Unos alguien dicen algo a otros alguien, pero para entonces la sinfonía de voces me había superado y ya no supe quién lo decía porque mis tímpanos impermeables pusieron freno a tamaño despropósito y decidieron desconectar por completo y otorgarme la clásica cara de aquel que parece oír pero no oye nada, y solo mira, y solo ve, y solo se ve a sí mismo, y Monsieur Pain solloza, y Bolaño aplaude tras unas gafas risueñas, y Juanma y Charo hablan de la tiranía de los premios literarios a los que Bolaño claudicó, y Tomás y Jesús y Luis se preguntan si los edificios como el de la clínica donde estaba internado César Vallejo, que giran sobre sí mismos en una suerte de pasillos interminables, son helicoidales o elipsoides, y Mª José y Nuria se informan mutuamente de la mejor opción posible en la elección salomónica que se nos llega porque llaman a la puerta nuestros posibles invitados Amalfitano y Cesárea Tinajero, y la botella de mezcal creo que me sonríe desde la sabiduría cierta de que todo arte literario pasa por el alcohol, aunque no nos atrevamos a decirlo, ni siquiera a considerarlo, porque es un tópico tan tópico que no merece la pena.

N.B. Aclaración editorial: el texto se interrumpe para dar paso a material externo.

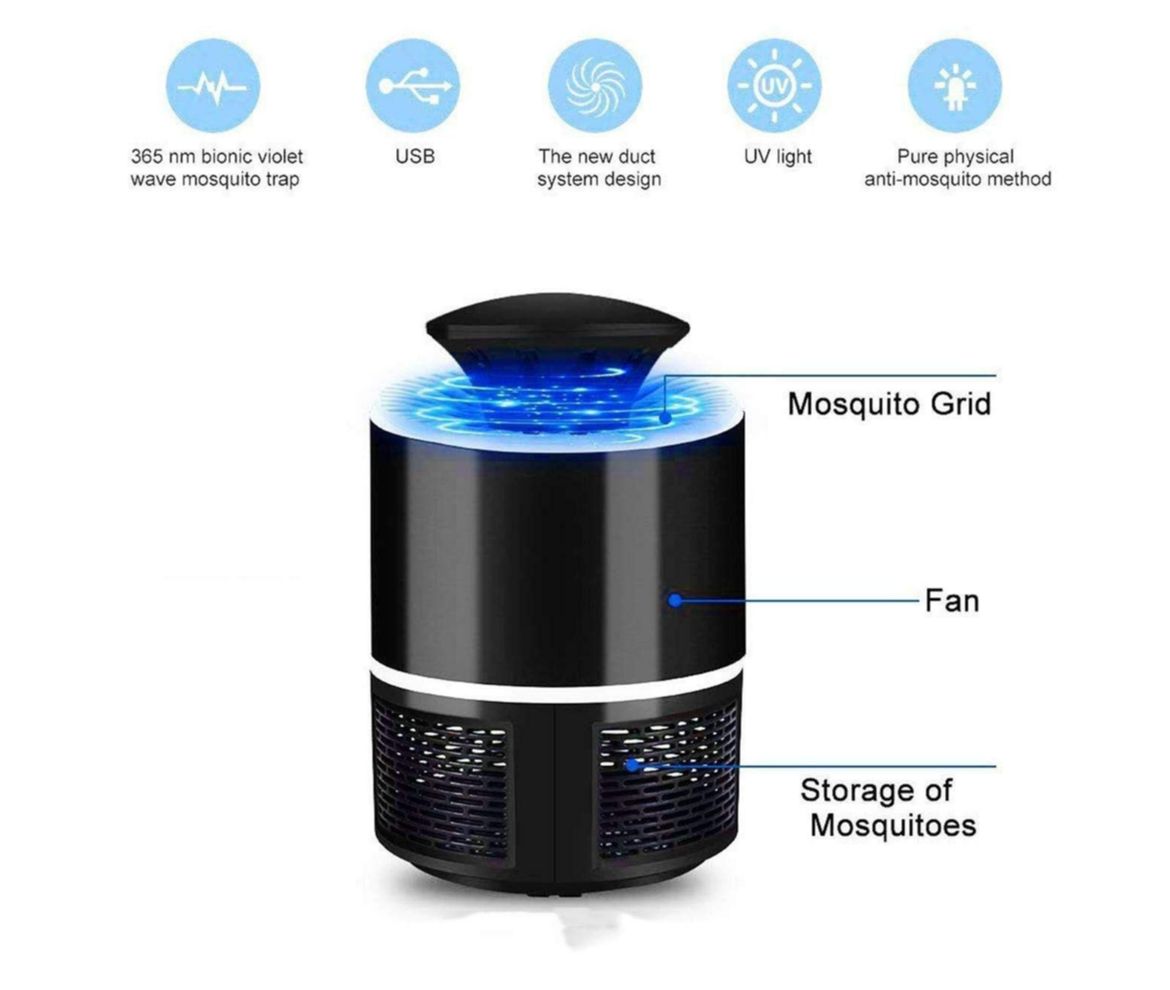 Household Mosquito Killer Lamp Inhalation Mosquito Lamp Electric Flies Zapper LED Lamp Strong Suction Fan USB Powered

Firmin, solo faltaste tú, es una pena que no te hables con Lowry porque a él sí que lo invité, aún a sabiendas de que no asistiría porque los jueves tiene las reuniones de alcohólicos anónimos a las que nunca va, otra vez será; mientras, nosotros, todos y todas, viajábamos bajo el volcán de una novela de indefinibles aromas que nos hizo apreciar aún más a un escritor que en esta, su primera novela, se declara valiente y no va a asegurar, arriesga –y mucho–, una novela donde ya se aprecian algunas de las constantes de su escritura: los poetas omnipresentes como héroes modernos, la intriga que va de la mano con una investigación, la fuerza de los personajes secundarios –en este caso ahogan incluso al protagonista–, lo onírico intentando explicar o sobrevolando la realidad, la poesía escondida en lo incomprensible, ¡los espacios! y el juego múltiple de espejos entre personajes históricos y personajes de ficción como si también la Historia y la Realidad necesitaran mirarse la una en la otra para crearse.